**WHAT THIS TASK INVOLVES:**
Pull out of the data below the stretch of lines bounded by the one containing "Rose Notebook - The Mystics Club" and the one containing "Festo Kompaktzylinder 50mm", both bounds included, unchanged.

**EXCERPTED RECORDS:**
------
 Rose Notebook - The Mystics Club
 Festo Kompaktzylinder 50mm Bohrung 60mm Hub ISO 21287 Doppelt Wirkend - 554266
------
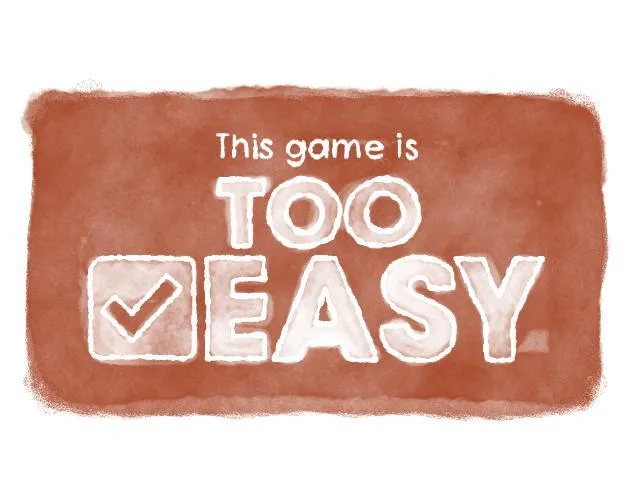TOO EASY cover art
------
**EXERCISE RESULT:**
 Rose Notebook - The Mystics Club
 Festo Kompaktzylinder 50mm Bohrung 60mm Hub ISO 21287 Doppelt Wirkend - 554266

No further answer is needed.